Doran nodded, his smile grim. “Exactly. There are small signs in our DNA that indicate we were once less discriminate in our taking of bodies. A gene common to early felines and another few that are present only in extinct marine mammals…that sort of thing. But nothing new, nothing modern. Everything else is a human-vampire mixture. And our base nature if we’re born in what should be our original natural environment lends credence to the idea that we’ve evolved beyond being anything except human. That said, we must have been able to shift bodies from species to species at some point, given that old DNA. And there’s one more twist.”

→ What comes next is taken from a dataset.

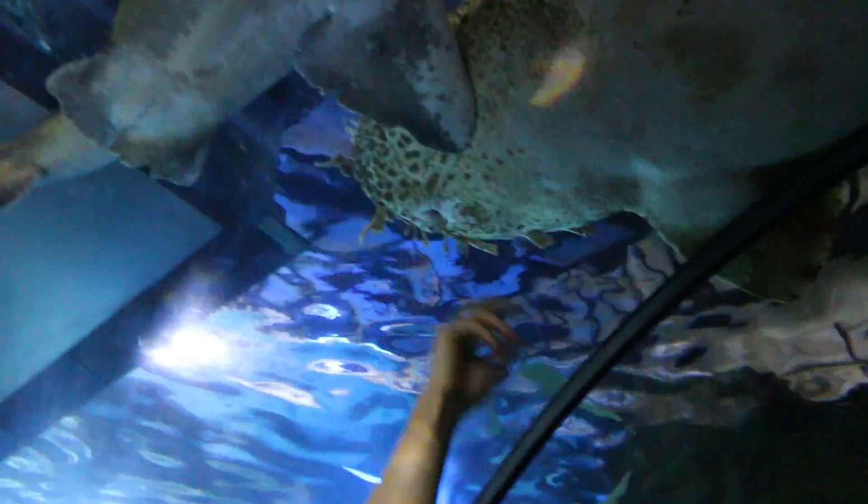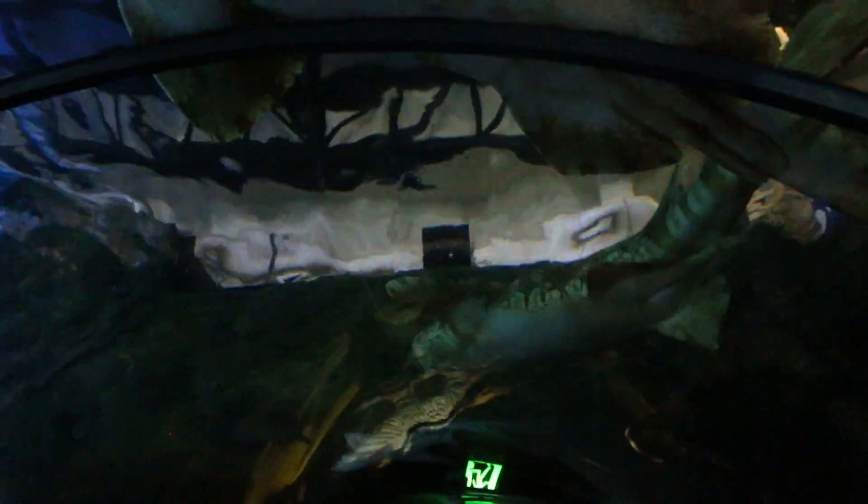They've got these funny appendages on their mouth. We've got another one coming up too. Do you remember looking at the Port Jackson shark on the tour before? That's from this one.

With a shake of his head, Girard said, “Let us have it. Might as well take it all at once.”
“Evolution tends to favor the current model, eventually winnowing out the previous versions of a species. Basically, current humans replaced Neanderthals and other early hominids, right? We don’t have all three running around. They exist only in the DNA of current humans. Even now, many humans get excited to find just a percent or two of Neanderthal DNA in them. With me so far?”

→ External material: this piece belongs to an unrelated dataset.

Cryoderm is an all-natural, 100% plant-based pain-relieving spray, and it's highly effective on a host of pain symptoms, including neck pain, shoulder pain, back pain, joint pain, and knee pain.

Girard wasn’t exactly sure where the professor was going, but at least it made sense. He nodded and motioned for him to continue.
“Right! Well, the key to that is lifespan. Things are born, they live, then they die. There is a fairly narrow range of time in which a generation exists based on average lifespan. That clears out the old models for the new. But—”
Understanding now, Girard broke in. “But not us. We have no set life span. If one individual lives long enough, they can be entirely different from the modern members of their species!”
“Bingo,” Doran said, pointing at Girard with a grin on his face. “Meaning it is entirely possible that a vampire still capable of switching bodies…and who knows what else…still exists today. Given the violence of nature before civilization really took hold, I can’t even imagine what other differences that vampire might have.”
Lila’s brow furrowed and she looked down, clearly trying
to work this into history. “So, how old would a vampire have to be to be able to shift into a hippo and then back into a human with no problem?”
Doran considered the question. Before answering, his fingers twitched on the table surface as if he were conducting a mental inventory or deciding if something were safe to share. He peered at them, then sighed and said, “The two most recent traces of vampire DNA inside an animal in the archives are from a saber-tooth tiger’s canine tooth and the skin of a mammoth, and not one of those last mammoth’s either.”
Girard stopped him there. “How old?”
Doran shook his head, but his eyes lit up in scientific wonder. “Ten thousand years. At least. Probably a lot older, though. If I had to guess, I’d say we’re looking at the shift from the Pleistocene to the Holocene epochs, and that was almost twelve-thousand years ago. Basically, you may have discovered the vampire version of a living saber tooth tiger or mammoth. Think about that for a second.”
Lila sat back so abruptly she almost fell off the bench seat. “Holy shit.”
“Indeed,” Girard said.
12
With a night to kill before their return flight to upstate New York and the Guardian compound, Girard and Lila checked into a local hotel to catch some sleep. It was comfortable and clean, with soft sheets and a restaurant they both enjoyed, but once the lights were out, sleep wouldn’t come for either of them. Girard could hear it in the way Lila breathed on the other bed. She was churning all this information over the same way he was and it wasn’t going to let either of them go off into dreamland.
“Lila, we should just give up on the sleeping and talk.”
Her low laugh came from the darkness. “I can’t wrap my head around that number. Ten thousand years? I mean, who can live that long and stand it?”